You can fly out beyond the borders of the field, but you start to sustain damage (kinda like being outside of a safe zone in Fortnite/PUBG).

We started working on Ship Controller at T+46h (after some sleep).

By T+50h, we finally had something working. Something that could join the game and do nothing.
We submitted this version to the organizers and it even started winning some games for us.

The quick investigation had shown that those were the games where equally inept opponents managed to fall to the planet ahead of us.

Gravity is a contributing factor in nearly 73 percent of all accidents involving falling objects

We quickly realized that a weird square planet has equally weird gravity - each "side" of the planet exerted a pull on all points of space that was closer to it than to any other side. This effectively means that diagonals drawn through the square planet separated space into four regions in which vector of gravity was always oriented in the same way (and not directed to the center of the planet as we originally expected).

I marked gravity vectors on the picture below:

The first order of business was to figure out how to generate thrust to combat the pull of gravity and stop falling to our death.

Even though we messed up vectors and directions a couple of times, soon we got a ship that most of the time managed to avoid the fatal fall: battle replay, our ship is orange.

Pretty soon we got to a point where we were able to hover in the same position. That is, until we run out of fuel: again, we are orange

This is how we discovered that the first number in ship stats is the amount of fuel, and you can't have too much fuel: 200-250 seemed to be the max, or the server failed to let you into the game.

We also discovered that you can only generate 1 unit of trust - just enough to counteract gravity. But if you failed to engage your engines on the first turn of the game, you would've acquired a vector of speed directed towards the planet, and then your trust will be enough to counteract further acceleration, but will not be enough to stop you.

Now we started to win against opponents that did not steer at all (enough to get us to the 29th place), but started to discover that there is a more dangerous enemy out there: they shoot to kill.

Getting damage seemed to deplete your stats, mostly fuel, and eventually, your stats will reach zero and you will die.

Foretold is forewarned

We now had two ideas:

1. It would be nice to shoot back.
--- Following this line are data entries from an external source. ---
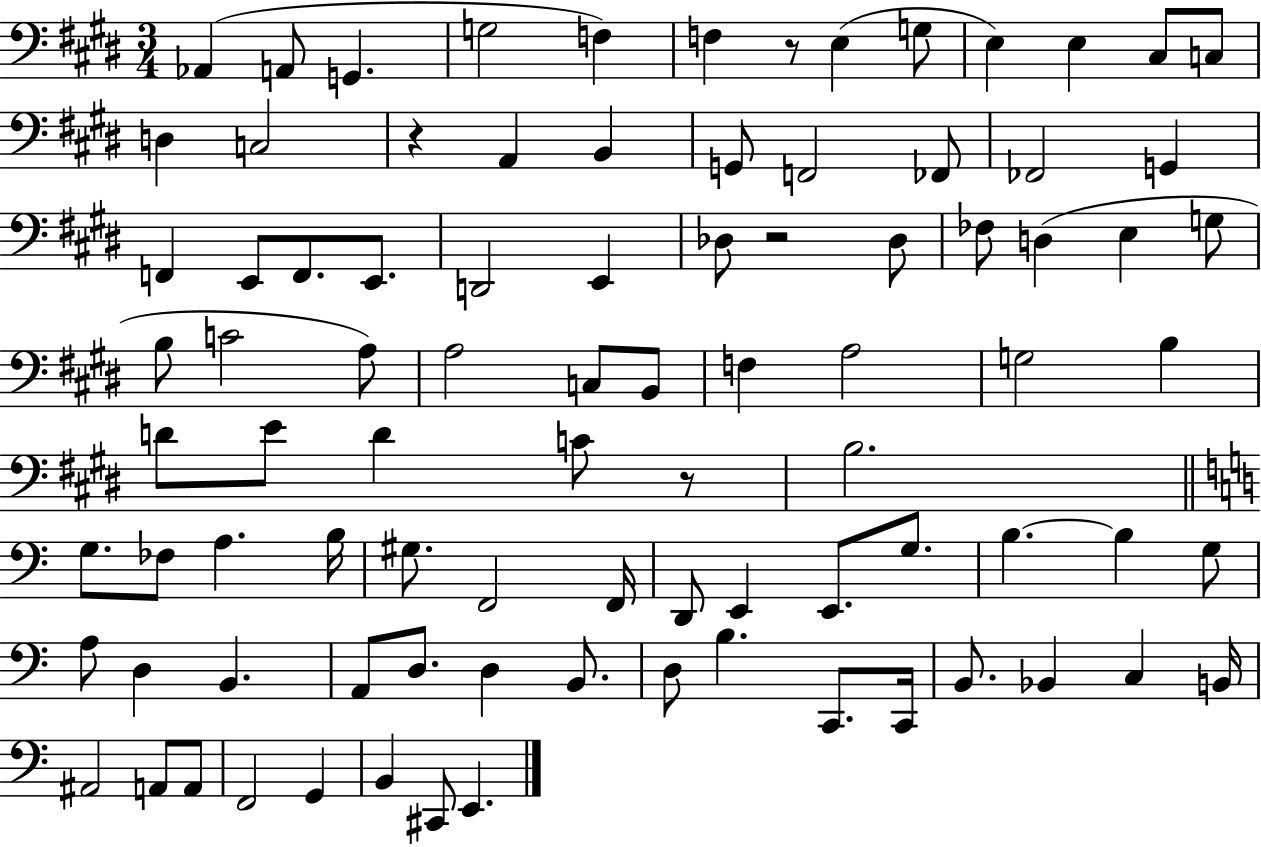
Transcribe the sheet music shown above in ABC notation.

X:1
T:Untitled
M:3/4
L:1/4
K:E
_A,, A,,/2 G,, G,2 F, F, z/2 E, G,/2 E, E, ^C,/2 C,/2 D, C,2 z A,, B,, G,,/2 F,,2 _F,,/2 _F,,2 G,, F,, E,,/2 F,,/2 E,,/2 D,,2 E,, _D,/2 z2 _D,/2 _F,/2 D, E, G,/2 B,/2 C2 A,/2 A,2 C,/2 B,,/2 F, A,2 G,2 B, D/2 E/2 D C/2 z/2 B,2 G,/2 _F,/2 A, B,/4 ^G,/2 F,,2 F,,/4 D,,/2 E,, E,,/2 G,/2 B, B, G,/2 A,/2 D, B,, A,,/2 D,/2 D, B,,/2 D,/2 B, C,,/2 C,,/4 B,,/2 _B,, C, B,,/4 ^A,,2 A,,/2 A,,/2 F,,2 G,, B,, ^C,,/2 E,,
We get the current position and velocity of the enemy ship, and we can compute gravity at its location. So we could precisely predict where he would be if it would decide not to accelerate. Shooting command just needed coordinates of the target. Seem easy.

2. It would be nice to conserve fuel. Just like we can predict the position of the enemy ship, we can predict the position of our ship (if we stop accelerating and will just coast). Moreover, we could extend this prediction arbitrary number of steps in the future, and thus compute how soon we will crash into the planet or run out of game zone bounds. If this number is large enough, we could stop accelerating and coast for a bit, saving fuel.
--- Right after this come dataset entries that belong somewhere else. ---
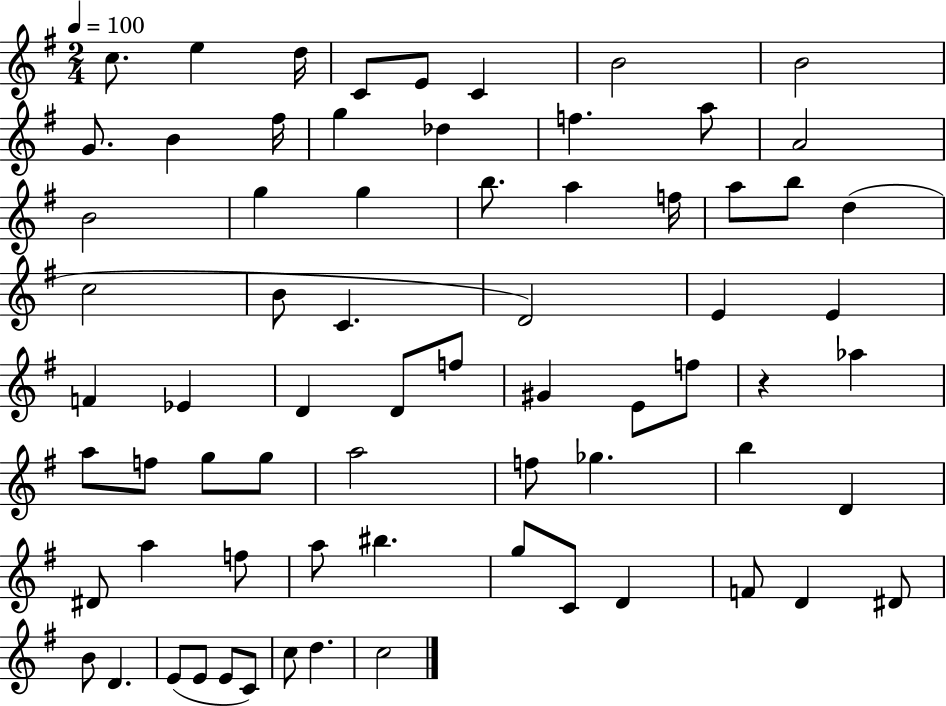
{
  \clef treble
  \numericTimeSignature
  \time 2/4
  \key g \major
  \tempo 4 = 100
  c''8. e''4 d''16 | c'8 e'8 c'4 | b'2 | b'2 | \break g'8. b'4 fis''16 | g''4 des''4 | f''4. a''8 | a'2 | \break b'2 | g''4 g''4 | b''8. a''4 f''16 | a''8 b''8 d''4( | \break c''2 | b'8 c'4. | d'2) | e'4 e'4 | \break f'4 ees'4 | d'4 d'8 f''8 | gis'4 e'8 f''8 | r4 aes''4 | \break a''8 f''8 g''8 g''8 | a''2 | f''8 ges''4. | b''4 d'4 | \break dis'8 a''4 f''8 | a''8 bis''4. | g''8 c'8 d'4 | f'8 d'4 dis'8 | \break b'8 d'4. | e'8( e'8 e'8 c'8) | c''8 d''4. | c''2 | \break \bar "|."
}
At T+56h, collision detection change was complete first. We marveled at the massive improvement in the test game played against ourselves: this time, we are both colors

We started "winning" even more, and for a while just sat back and watched games that were unfolded on the server, until we came across a shocking discovery: RGBTeam blew its ship ... and won the game, in which they were attacking and we were defending.

Ooookay. Two can play this game. I screenshotted the final state of the game, measured pixels, and computed that the "radius" of the blast was 10 pixels. Now, whenever we were attacking and found ourselves closer than 8 pixels from the enemy ship (just to be sure), we would blow up.
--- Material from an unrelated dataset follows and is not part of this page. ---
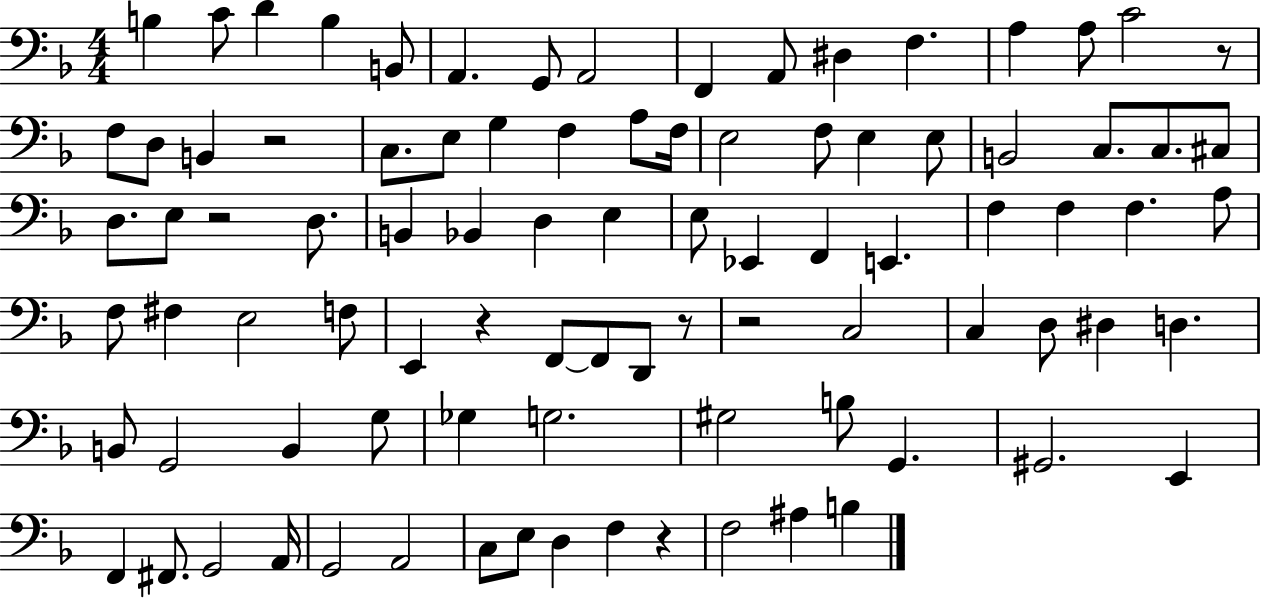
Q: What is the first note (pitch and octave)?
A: B3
This would not happen too often, because we were not steering towards (or from) enemy ship, so we were just keeping an eye out for the game in which it will happen.

We still did not know what are the rest of the ship stats, so we resorted to playing games against the top of the leaderboard, which will allow us to observe their ship stats, and we copied them.

This way we discovered that more successful teams will have "attacker loadout" and "defender loadout", and we started doing the same.

Me, at T+58h in the team chat: "I think that tutorials in the Galaxy UI were probably telling you about ship capabilities, but who has time for that?"

Finally, we managed to find ourselves near the enemy ship and blew it up. As luck happened, it was the ship of RGBTeam. Revenge!

And then we had another match against "Cat is #1", where we detonated, and detonation covered their ship, but we did not blow them up.

I tried to estimate the amount of detonation damage from that one game (which was a mistake, as detonation damage fell off with distance, and depended on your ship configuration) and estimated that detonation yields 180-190 damage. We adjusted the detonation code to blow up only when the opposite ship is "weaker" than that.

Since we still haven't had the shooting code, we focused on developing something that would allow us to more reliably get the ship into the blast radius when attacking (and keep our distance when defending).

The solution that we quickly whipped out at T+59h was rather trivial: consider all 8 possible acceleration directions. Compute distance from the enemy ship right now and after the next move. When attacking, strive to reduce the distance. When defending, try to increase it.

This threw fuel efficiency out of the airlock, but we saw a clear improvement in our standings -- 23rd place.

New challenger appears

I already mentioned that the only contained data structure that alien language had was list/tuple. Game state contained a lot of information, including ship stats -- in a list. In our code, we split this list into two elements and called them our_ship and their_ship, to simplify coding.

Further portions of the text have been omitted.